When you’re ready to unmold the pastry, gently run an icing spatula underneath to loosen it.

Place it on your serving plate.

Then wrap a hot towel around it. This one has been soaked in hot tap water and wrung out. Leave it for 30 seconds.

Apply a piece of cardboard to the top of the mold on top of the plastic wrap, cut just a bit smaller then the mold (this was my former cardboard base).

Gather the plastic wrap up around the cardboard…

…and press down on it with your thumbs or index fingers while gently pulling up on the ring with your other fingers (I recommend two hands…my other hand was busy here snapping pictures). Easy does it.

And off it comes. Gently remove the plastic-wrapped cardboard circle.

Smooth out any defects in the mousse with an icing spatula. You can heat it under hot tap water if the mousse isn’t yielding. Make sure to dry it!

Ain’t it purty?

I thought it needed a little more color on top so I applied the last of my apricot glaze (another stone fruit that compliments peach nicely).

Serve soon. Like, within a couple of hours if not immediately.

Easy, right? And how does it slice?


19 thoughts on “Making a Fruit Mousse Bavarian”

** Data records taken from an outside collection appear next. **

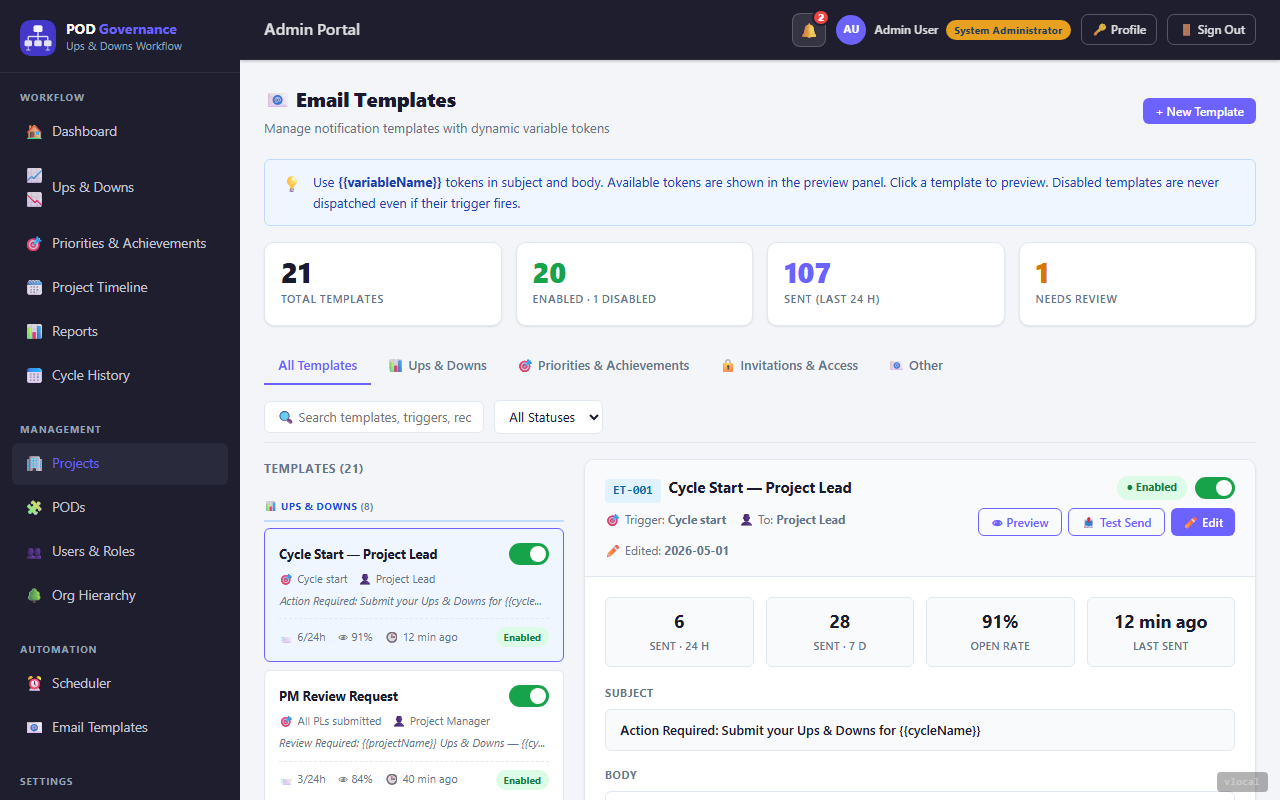 admin-email screen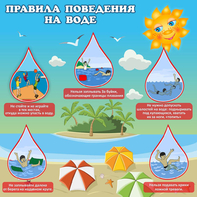 Стенд "Правила поведения на воде" - fgospostavki.ru - Новоалтайск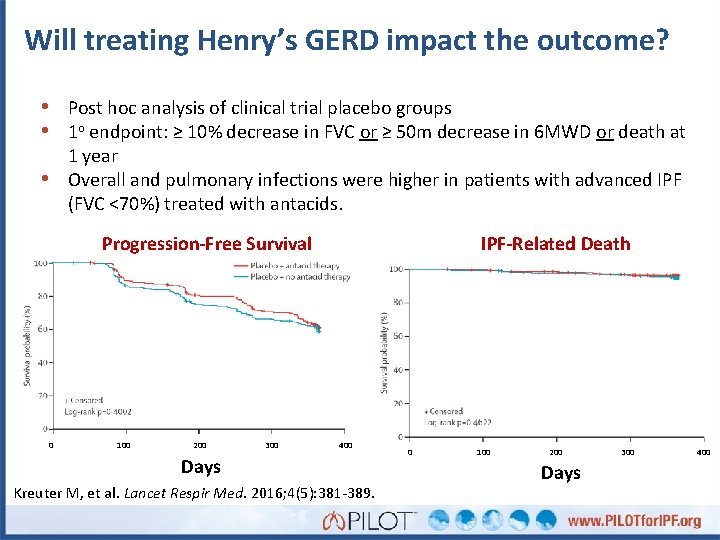 Will treating Henry’s GERD impact the outcome? • Post hoc analysis of clinical trial
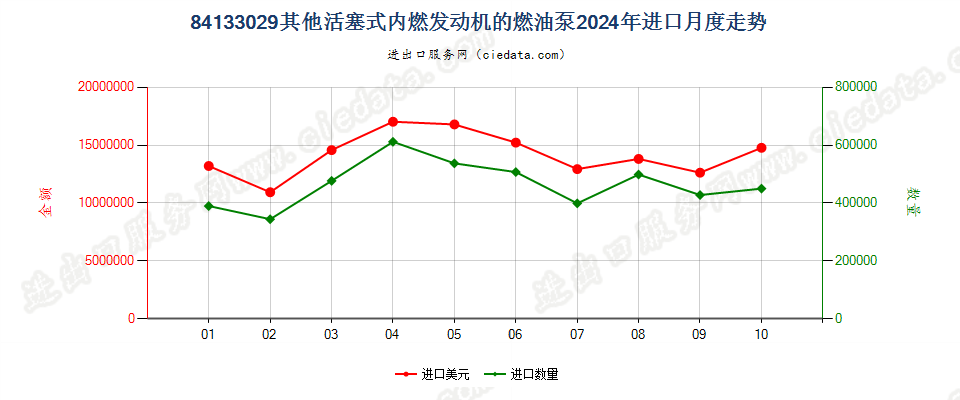 84133029其他活塞式内燃发动机的燃油泵进口2024年月度走势图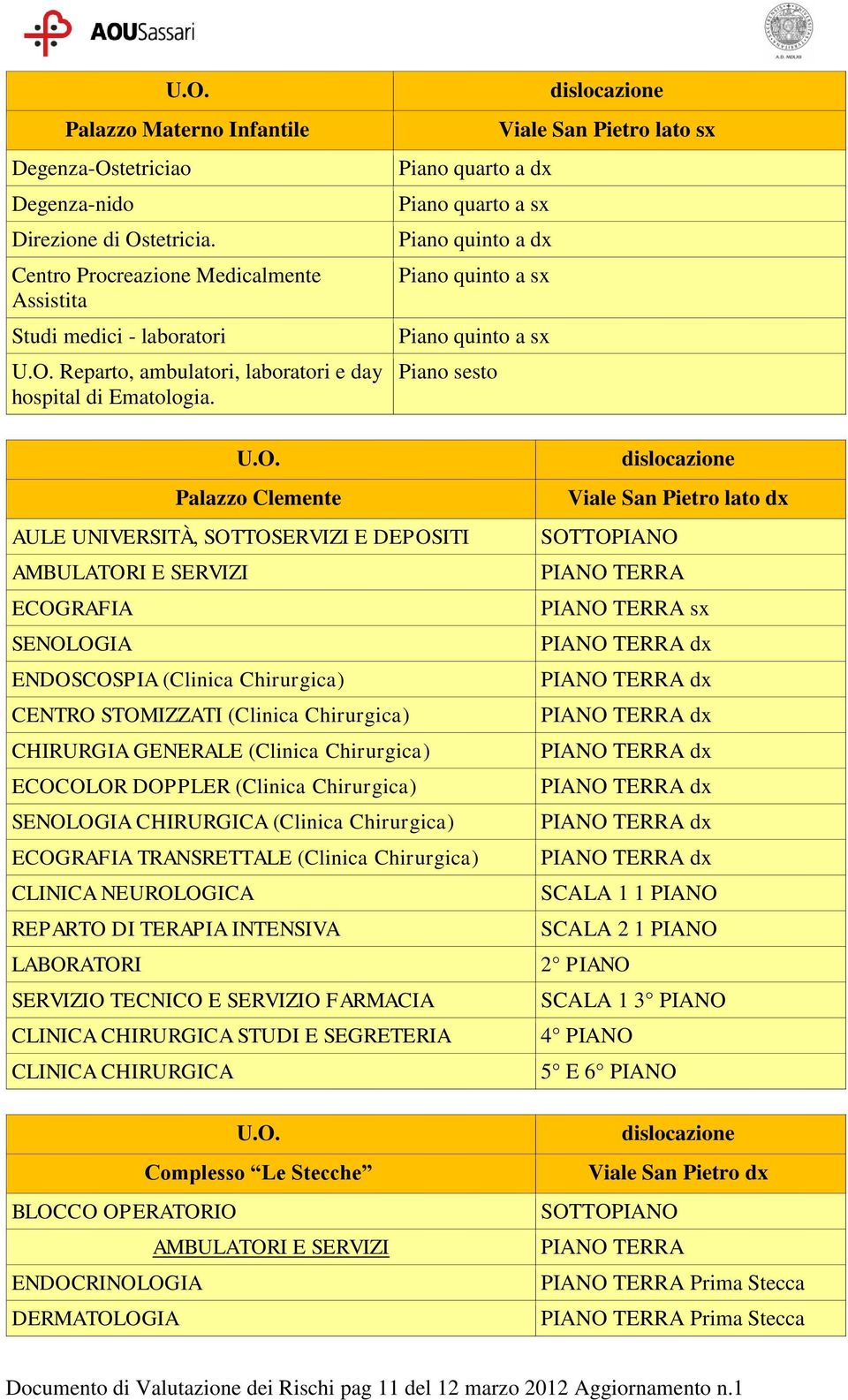 Palazzo Clemente AULE UNIVERSITÀ, SOTTOSERVIZI E DEPOSITI AMBULATORI E SERVIZI ECOGRAFIA SENOLOGIA ENDOSCOSPIA (Clinica Chirurgica) CENTRO STOMIZZATI (Clinica Chirurgica) CHIRURGIA GENERALE (Clinica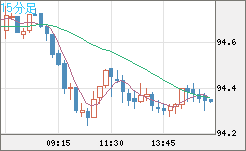 豪ドル/円チャート（AUD/JPY）15分足
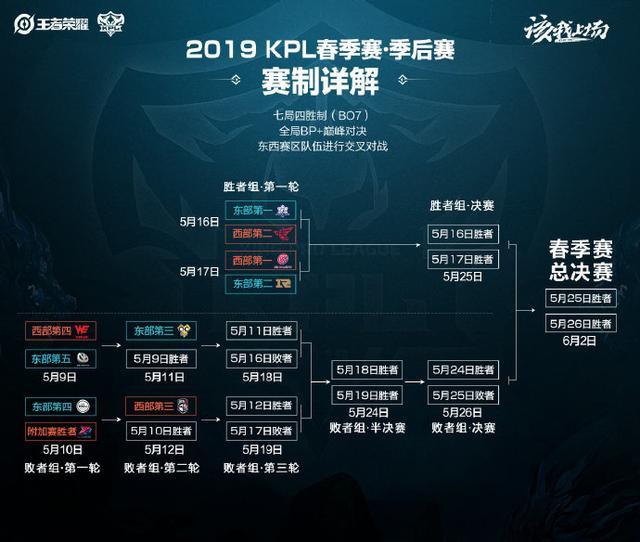 通过签下一 通过签下一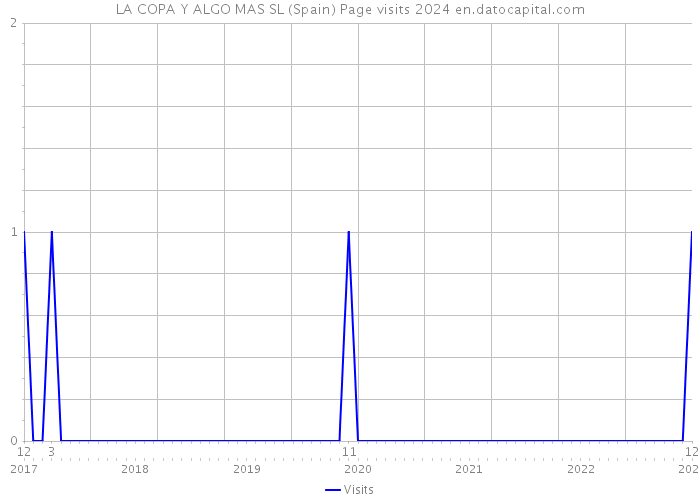 LA COPA Y ALGO MAS SL (Spain) Page visits 2024 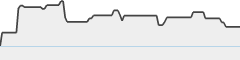 sparkline fotoduelo Juillet 2023 - Toutes catégories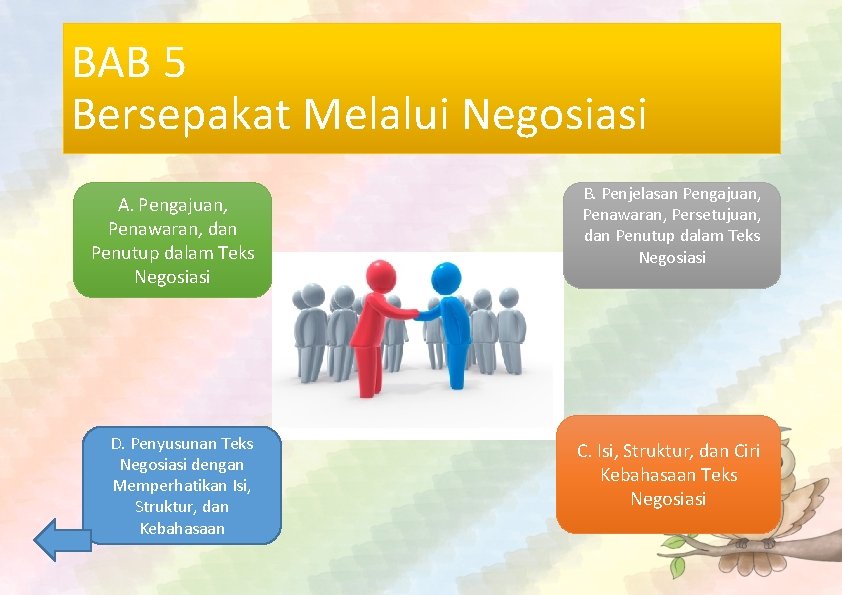 BAB 5 Bersepakat Melalui Negosiasi A. Pengajuan, Penawaran, dan Penutup dalam Teks Negosiasi D.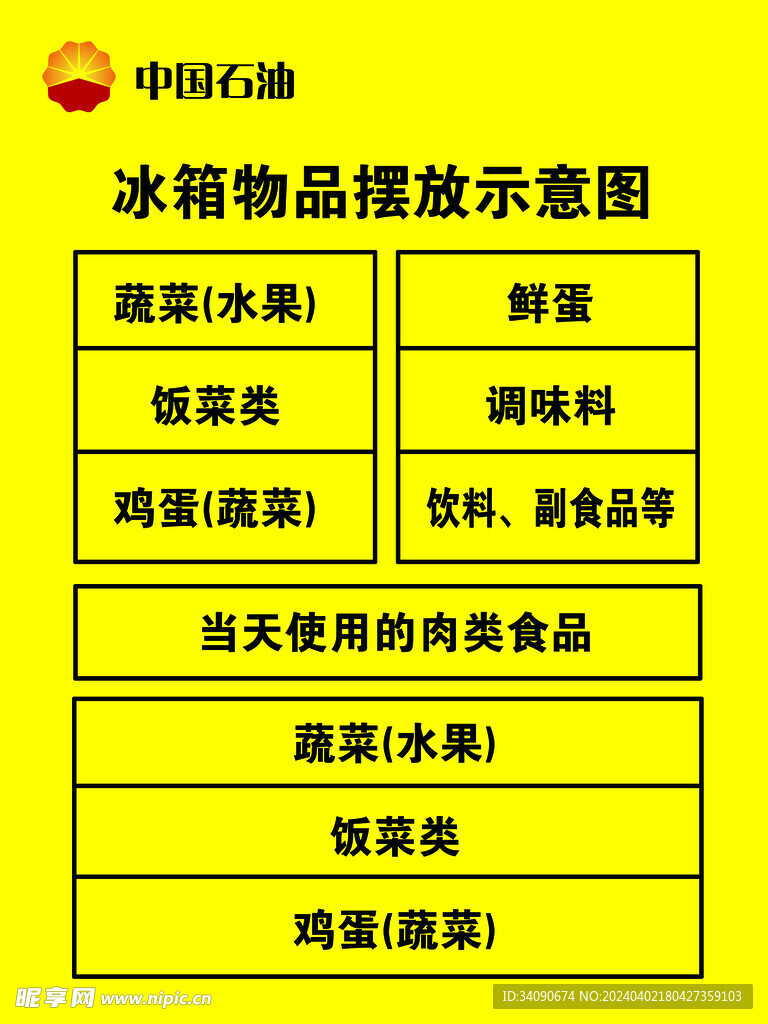 冰箱物品摆放示意图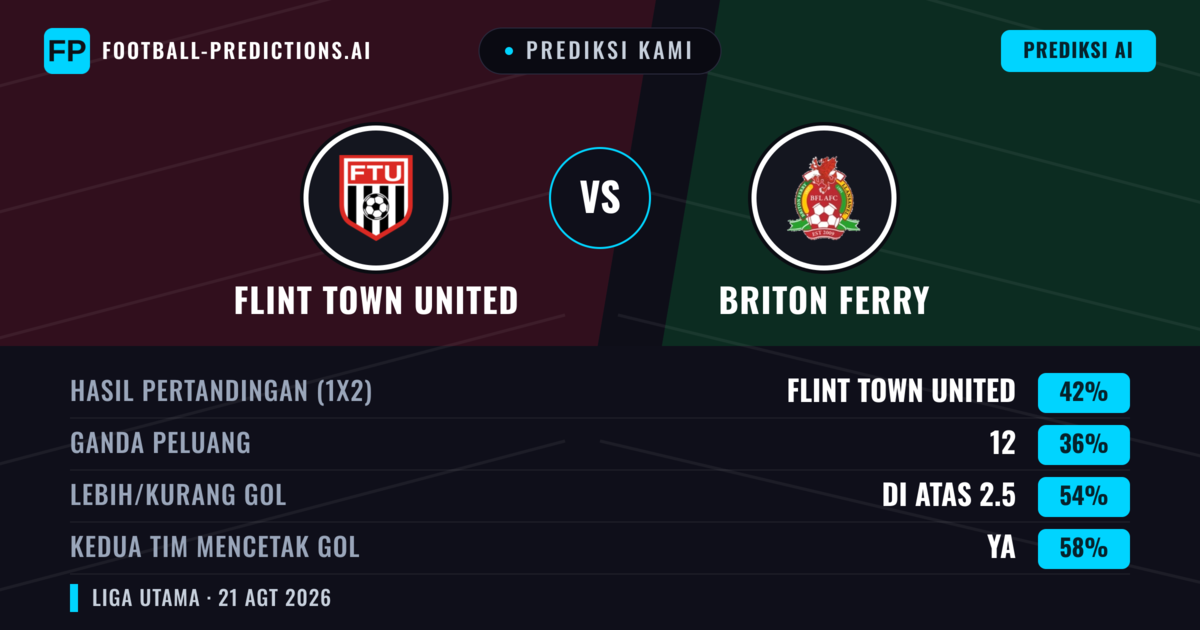 Prediksi kami: Flint Town United vs Briton Ferry — Flint Town United — Menang (48%); Lebih 2.5; Kedua tim mencetak gol: Ya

    1. Thanks, Jeff! It was a lot of fun to make. I was pleasantly surprised at how well the fruit mousse flowed around the cake and set up. It unmolded very easily. Honestly I was expecting that I’d need to do at least one more, but this turned out pretty well on the first try!


      – Joe

    1. Interesting idea, Rick. Honestly I’m not sure. Unlike custard, Bavarian cream melts with heat, so my sense is you’d need a fairly hot torch, one that could caramelized the sugar quickly before too much heat penetrated the cream below. You’d probably get a little melting or dripping…but who knows? Up for an experiment? 😉

      – Joe

  1. Yes, very nicely done! Was serving it a chore? I would like to see how that was done before I try one!

    1. Hi Dave! I split it and gave half to a neighbor last night, and that was no problem. It sliced very neatly. Maybe I’ll post a slice if I can get to that this afternoon.

      And thanks!

      – Joe

    2. I added a shot of a slice to the very end of the post. Have a look at your leisure!

      – Joe

    1. Thanks Janet!

      And yes, you need time to simply focus on putting it together. Make a little at a time and it doesn’t seem like a huge chore. Plus you have energy to devote solely to construction.


      – Joe

  2. Divine!! Thanks for this inspiration Joe, I can almost taste it from the pictures alone 🙂 I may try the mousse recipe with some strawberries that we just got.

    A few questions if I may: when you are preparing the components, can the mousse be done in advance (can you also comment on how to store the mousse)? How about storing the Joconde and the Genoise? Also, why Genoise bottom & Joconde sides (as opposed to all Joconde)? Apologies in advance if these questions have been addressed before, please kindly refer me to the right link. Many thanks in advance.


    1. Hi Claire!

      Unfortunately the mousse can’t be made ahead of time since it sets up before very long and can’t be “un-set” again. The joconde and génoise can simply be stored in the fridge, flat between sheets of parchment or plastic wrap. They can be frozen the same way. I used génoise for the bottom since it’s thicker and more spongy than joconde, but if it’s a pain to make more than one kind of cake (and it is) you can use more joconde or perhaps a small piece of cake you might have hanging around from another project. A little store-bought sponge cake would not be out of bounds! 😉


      – Joe

  3. WOW! That is one amazing piece of pastry…Looks beautiful and droolicious…Thanks Joe.

  4. looks good! i’d be tempted to jazz it up a little though with some textural contrasts like a layer/insert of peach gelee (with gelatine or pectin), some liqueur for the genoise, and maybe even a thin layer of almond paste on top of the genoise.

    1. Thanks, Ascanius! Those are all excellent ideas. Should you try any of them send me a picture!